Carrots - Another hardy crop that requires very little space. This root crop is a good source of carbohydrates, vitamin A, vitamin C
Squash - Both squash and pumpkin are prolific producers. Both store well, especially winter squash. Seeds can be saved and/or roasted and consumed. Squash has lots of carbohydrates and a great nutrient list, including Vitamins A and C, as well as magnesium and potassium.
Beets - Easy to grow and multi-functional. Both roots and greens are edible making beets a dual purpose crop.
Tomatoes - If you can keep your pest issues to a minimum, tomatoes can produce an abundance of food from a relatively small space. Tomatoes are a good source of Vitamin A, C, K, E, Potassium, thiamine, and Niacin
Broccoli - Another cool weather crop. Broccoli is a good source of protein, Vitamins A and K, and carbohydrates
Peppers - From a medicinal view, peppers such as cayenne are essential for natural remedies. Peppers are high in vitamin A and C
Eggplant - Not something most people would think to grow but still an important one. Eggplant is relatively easy to grow and can grow for 3 or more years. Bonus, it's pretty easy to save seeds from Eggplant
Asparagus - An essential perennial. Depending on your region, established Asparagus plants can continue to produce for 30 years (some report for longer)
Amaranth - Another dual purpose plant. Amaranth is naturally drought tolerant. Seeds from the amaranth can be used as a grain (cook just as you would quinoa). Leaves can be picked while young and tender and eaten raw or sauteed as you would spinach. Radish - If you need a FAST maturing crop, radish is one of the best. From seed to harvest, radish is mature in as few as 25 days. Seeds are easy to save from crops and just as easy to stockpile. Corn - I know I mention grain below but Corn deserves a specific mention. While corn might not be the easiest crop to grow, it has many uses. Most people automatically think of Sweet Corn. However, Dent Corn & Field Corn are important. Both can be dried and fed to livestock. It can also be dried and ground into cornmeal.
Grains - If you have livestock on your homestead, grains can help feed them. Grains are a good source of carbohydrates, are high in dietary fiber and manganese
HERBS: Natural pest control can be obtained thru companion planting with herbs. If you're planning on making your own herbal remedies, medicinal herbs are a must.

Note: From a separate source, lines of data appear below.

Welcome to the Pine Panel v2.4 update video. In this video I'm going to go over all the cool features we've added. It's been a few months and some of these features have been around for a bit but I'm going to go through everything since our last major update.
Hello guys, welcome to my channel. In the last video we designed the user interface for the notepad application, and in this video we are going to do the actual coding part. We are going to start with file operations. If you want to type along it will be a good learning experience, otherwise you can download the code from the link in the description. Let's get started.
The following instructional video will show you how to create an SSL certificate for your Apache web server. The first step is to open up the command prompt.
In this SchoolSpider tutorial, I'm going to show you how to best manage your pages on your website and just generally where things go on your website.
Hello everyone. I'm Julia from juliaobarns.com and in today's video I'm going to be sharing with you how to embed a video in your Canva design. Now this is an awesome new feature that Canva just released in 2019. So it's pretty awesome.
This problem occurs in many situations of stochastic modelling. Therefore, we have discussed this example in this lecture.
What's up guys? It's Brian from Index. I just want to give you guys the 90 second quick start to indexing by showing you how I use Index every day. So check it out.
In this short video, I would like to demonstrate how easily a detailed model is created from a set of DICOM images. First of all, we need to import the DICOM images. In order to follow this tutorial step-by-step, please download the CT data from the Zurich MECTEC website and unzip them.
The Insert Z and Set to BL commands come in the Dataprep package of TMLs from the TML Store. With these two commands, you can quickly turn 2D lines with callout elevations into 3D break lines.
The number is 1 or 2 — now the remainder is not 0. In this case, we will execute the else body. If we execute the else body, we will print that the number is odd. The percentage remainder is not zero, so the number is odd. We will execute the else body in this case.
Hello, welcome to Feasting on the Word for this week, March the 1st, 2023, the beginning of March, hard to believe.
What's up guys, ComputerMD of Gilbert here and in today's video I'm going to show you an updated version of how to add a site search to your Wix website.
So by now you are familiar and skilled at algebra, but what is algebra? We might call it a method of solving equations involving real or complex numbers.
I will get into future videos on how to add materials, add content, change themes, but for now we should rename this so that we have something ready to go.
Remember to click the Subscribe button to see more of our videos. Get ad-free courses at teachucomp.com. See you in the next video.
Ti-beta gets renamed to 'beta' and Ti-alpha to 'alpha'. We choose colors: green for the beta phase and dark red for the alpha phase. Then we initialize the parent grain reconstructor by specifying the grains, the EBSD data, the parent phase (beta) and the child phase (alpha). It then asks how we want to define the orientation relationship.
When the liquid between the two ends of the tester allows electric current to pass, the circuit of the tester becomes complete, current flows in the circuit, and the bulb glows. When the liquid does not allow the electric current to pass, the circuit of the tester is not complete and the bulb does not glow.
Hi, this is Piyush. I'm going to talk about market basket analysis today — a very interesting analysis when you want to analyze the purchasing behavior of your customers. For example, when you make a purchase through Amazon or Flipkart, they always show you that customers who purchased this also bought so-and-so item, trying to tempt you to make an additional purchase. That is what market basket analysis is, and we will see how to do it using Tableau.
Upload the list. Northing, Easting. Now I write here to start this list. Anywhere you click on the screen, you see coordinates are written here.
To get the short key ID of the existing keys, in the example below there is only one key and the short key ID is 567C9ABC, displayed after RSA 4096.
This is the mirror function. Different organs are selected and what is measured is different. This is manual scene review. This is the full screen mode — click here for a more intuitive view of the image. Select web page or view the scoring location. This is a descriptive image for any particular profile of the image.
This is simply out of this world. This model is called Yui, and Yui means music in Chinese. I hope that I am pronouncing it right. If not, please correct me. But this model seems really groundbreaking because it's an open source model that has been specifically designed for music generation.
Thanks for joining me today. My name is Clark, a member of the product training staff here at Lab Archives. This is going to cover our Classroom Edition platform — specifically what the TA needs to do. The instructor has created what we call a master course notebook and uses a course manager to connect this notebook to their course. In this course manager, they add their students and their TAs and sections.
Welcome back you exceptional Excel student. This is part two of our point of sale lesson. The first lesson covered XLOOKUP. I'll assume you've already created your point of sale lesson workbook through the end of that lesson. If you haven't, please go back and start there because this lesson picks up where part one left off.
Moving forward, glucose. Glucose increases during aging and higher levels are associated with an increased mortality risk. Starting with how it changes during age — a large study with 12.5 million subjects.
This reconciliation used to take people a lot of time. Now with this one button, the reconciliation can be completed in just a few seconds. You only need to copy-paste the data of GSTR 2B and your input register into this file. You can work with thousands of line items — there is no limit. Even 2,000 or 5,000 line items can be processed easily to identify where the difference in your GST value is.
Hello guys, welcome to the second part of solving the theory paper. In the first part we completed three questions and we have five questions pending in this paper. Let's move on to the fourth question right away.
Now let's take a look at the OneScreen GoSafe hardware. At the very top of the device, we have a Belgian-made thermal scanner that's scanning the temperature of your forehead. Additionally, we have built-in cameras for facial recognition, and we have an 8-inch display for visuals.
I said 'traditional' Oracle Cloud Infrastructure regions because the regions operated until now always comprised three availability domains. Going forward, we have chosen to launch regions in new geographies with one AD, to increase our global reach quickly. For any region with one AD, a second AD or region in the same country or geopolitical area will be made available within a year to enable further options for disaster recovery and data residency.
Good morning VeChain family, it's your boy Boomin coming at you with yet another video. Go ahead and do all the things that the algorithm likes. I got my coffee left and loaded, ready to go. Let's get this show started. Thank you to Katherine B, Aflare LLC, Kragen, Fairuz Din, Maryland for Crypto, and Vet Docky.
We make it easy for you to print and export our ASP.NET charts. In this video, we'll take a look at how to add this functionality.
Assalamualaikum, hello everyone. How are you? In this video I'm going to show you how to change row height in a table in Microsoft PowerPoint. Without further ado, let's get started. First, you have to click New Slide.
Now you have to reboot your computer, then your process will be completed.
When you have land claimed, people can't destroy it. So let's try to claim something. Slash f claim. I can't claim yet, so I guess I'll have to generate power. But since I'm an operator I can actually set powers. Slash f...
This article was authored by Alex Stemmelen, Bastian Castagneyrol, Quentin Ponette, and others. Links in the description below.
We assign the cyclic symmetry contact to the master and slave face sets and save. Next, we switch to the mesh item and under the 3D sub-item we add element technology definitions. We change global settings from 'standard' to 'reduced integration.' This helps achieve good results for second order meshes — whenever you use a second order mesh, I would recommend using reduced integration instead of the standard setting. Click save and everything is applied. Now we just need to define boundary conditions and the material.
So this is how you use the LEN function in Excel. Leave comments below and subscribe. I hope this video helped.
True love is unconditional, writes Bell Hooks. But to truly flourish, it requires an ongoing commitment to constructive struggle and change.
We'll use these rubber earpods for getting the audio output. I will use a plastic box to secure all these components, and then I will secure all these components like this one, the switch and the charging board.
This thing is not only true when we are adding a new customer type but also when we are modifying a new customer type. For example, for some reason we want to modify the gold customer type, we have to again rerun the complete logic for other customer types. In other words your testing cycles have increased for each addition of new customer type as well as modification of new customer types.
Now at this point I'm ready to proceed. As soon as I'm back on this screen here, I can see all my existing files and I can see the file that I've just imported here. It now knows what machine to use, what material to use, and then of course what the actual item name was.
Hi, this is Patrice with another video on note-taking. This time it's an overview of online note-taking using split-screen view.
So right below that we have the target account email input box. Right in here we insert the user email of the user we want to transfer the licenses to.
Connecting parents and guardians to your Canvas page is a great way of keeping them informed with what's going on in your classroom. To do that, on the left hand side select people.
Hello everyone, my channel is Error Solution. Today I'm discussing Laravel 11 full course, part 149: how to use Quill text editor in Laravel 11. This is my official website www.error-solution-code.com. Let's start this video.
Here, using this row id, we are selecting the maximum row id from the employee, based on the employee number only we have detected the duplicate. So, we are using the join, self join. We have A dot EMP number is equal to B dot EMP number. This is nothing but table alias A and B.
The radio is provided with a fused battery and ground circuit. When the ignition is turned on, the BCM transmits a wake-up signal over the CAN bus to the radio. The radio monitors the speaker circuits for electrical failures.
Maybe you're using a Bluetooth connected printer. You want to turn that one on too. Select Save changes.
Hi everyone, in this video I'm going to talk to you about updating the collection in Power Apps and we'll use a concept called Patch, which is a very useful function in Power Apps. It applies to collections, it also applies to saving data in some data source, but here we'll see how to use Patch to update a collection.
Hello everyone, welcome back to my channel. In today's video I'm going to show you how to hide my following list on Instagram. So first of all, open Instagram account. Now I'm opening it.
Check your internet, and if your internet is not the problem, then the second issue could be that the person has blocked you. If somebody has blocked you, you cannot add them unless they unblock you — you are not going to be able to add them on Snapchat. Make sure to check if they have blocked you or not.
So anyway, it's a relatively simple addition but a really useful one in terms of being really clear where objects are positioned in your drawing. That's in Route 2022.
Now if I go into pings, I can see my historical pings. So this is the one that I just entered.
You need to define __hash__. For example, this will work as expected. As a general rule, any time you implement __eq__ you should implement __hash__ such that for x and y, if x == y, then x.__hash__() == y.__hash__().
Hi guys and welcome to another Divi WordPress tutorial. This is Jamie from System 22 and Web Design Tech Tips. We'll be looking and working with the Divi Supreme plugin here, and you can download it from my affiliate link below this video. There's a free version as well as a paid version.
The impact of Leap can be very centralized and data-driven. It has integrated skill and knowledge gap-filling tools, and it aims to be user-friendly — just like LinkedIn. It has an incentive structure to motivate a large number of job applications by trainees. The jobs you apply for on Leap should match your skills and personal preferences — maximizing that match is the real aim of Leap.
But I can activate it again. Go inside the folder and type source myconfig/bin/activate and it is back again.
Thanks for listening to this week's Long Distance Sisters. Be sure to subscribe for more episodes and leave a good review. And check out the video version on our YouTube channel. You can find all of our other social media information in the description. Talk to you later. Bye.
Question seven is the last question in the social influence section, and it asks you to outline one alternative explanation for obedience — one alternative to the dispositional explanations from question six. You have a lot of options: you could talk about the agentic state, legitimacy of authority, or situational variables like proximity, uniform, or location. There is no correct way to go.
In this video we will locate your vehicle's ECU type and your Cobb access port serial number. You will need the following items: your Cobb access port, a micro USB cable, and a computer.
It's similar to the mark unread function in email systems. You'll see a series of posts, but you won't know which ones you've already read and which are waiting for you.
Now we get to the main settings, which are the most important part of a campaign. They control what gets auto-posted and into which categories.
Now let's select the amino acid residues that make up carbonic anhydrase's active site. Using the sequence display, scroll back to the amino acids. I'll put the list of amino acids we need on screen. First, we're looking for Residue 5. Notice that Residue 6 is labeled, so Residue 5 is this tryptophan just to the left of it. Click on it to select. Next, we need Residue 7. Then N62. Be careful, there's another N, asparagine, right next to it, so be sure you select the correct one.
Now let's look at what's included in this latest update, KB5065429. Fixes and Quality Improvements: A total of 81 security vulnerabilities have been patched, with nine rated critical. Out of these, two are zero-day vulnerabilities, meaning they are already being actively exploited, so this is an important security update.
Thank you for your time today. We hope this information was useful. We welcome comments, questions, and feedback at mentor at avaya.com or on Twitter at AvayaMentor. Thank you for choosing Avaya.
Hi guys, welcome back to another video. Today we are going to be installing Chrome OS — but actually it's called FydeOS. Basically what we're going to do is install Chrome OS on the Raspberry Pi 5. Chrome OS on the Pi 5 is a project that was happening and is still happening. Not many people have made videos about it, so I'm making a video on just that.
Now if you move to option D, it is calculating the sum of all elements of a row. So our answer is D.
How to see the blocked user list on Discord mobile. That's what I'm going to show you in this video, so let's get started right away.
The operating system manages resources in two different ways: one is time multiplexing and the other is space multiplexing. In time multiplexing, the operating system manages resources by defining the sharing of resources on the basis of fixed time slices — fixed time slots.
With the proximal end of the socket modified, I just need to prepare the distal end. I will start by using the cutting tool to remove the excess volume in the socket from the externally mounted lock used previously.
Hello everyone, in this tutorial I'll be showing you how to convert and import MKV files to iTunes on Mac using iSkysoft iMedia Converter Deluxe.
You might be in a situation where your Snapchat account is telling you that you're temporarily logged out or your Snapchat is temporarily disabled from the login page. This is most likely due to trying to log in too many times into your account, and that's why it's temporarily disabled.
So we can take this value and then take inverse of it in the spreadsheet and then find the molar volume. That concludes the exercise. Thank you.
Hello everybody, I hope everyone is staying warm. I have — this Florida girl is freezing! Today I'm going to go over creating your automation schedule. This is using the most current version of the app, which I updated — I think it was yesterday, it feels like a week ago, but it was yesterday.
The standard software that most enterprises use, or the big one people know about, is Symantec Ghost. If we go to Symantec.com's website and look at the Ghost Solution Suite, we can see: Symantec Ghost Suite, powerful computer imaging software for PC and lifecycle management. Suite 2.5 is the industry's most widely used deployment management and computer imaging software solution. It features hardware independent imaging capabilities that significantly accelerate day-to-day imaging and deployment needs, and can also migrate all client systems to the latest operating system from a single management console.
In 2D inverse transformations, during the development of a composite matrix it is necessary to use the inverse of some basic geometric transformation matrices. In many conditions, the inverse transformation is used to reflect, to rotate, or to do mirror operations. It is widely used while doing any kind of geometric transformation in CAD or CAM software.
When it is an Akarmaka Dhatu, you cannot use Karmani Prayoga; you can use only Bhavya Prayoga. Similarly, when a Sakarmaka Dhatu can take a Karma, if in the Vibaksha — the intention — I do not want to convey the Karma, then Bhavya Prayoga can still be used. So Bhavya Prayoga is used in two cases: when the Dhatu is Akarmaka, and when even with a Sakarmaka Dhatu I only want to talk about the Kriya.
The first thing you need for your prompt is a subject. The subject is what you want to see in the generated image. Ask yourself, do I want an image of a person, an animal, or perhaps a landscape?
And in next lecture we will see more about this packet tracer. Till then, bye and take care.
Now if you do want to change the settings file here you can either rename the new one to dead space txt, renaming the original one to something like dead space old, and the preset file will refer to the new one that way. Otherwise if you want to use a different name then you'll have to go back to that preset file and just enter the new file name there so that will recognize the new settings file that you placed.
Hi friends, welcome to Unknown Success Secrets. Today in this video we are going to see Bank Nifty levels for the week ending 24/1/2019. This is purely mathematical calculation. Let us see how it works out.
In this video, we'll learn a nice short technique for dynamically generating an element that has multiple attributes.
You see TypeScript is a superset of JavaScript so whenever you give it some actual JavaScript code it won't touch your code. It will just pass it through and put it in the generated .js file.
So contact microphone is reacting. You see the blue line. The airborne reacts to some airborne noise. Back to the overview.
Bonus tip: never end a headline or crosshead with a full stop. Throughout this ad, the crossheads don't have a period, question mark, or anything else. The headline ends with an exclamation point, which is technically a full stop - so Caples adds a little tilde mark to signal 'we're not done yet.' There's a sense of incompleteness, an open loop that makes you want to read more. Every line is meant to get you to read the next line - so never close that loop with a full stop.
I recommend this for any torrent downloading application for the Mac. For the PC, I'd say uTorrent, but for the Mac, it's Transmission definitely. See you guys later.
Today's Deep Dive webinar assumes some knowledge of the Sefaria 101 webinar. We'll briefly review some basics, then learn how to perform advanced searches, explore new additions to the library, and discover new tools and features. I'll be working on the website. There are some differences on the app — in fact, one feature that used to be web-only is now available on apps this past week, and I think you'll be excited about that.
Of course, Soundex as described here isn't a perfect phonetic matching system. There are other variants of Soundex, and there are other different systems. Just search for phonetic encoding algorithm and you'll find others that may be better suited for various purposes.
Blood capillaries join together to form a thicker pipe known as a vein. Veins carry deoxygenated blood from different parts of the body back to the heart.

FLOWERS: Do not underestimate flower power! We use many flowers planted throughout our garden for companion planting and to attract bees for pollination. Most common flowers we use are Borage, PurpleConeflower, Marigolds, Nasturtium, Plains Coreopsis, Cornflower, Yarrow, SUNFLOWERS and Calendula Potatoes - *Keep in mind, seed potatoes do not keep.* You must continually replentish your stock from your own crops (or Mary's Heirloom Seeds as long as we have internet). Potatoes are a staple diet of many of the world’s peoples, especially those in the west. The contain potassium, copper and B6 and are really good to ‘fill you up’ at mealtime. They are also usually pretty easy to grow, although some varieties are very disease prone.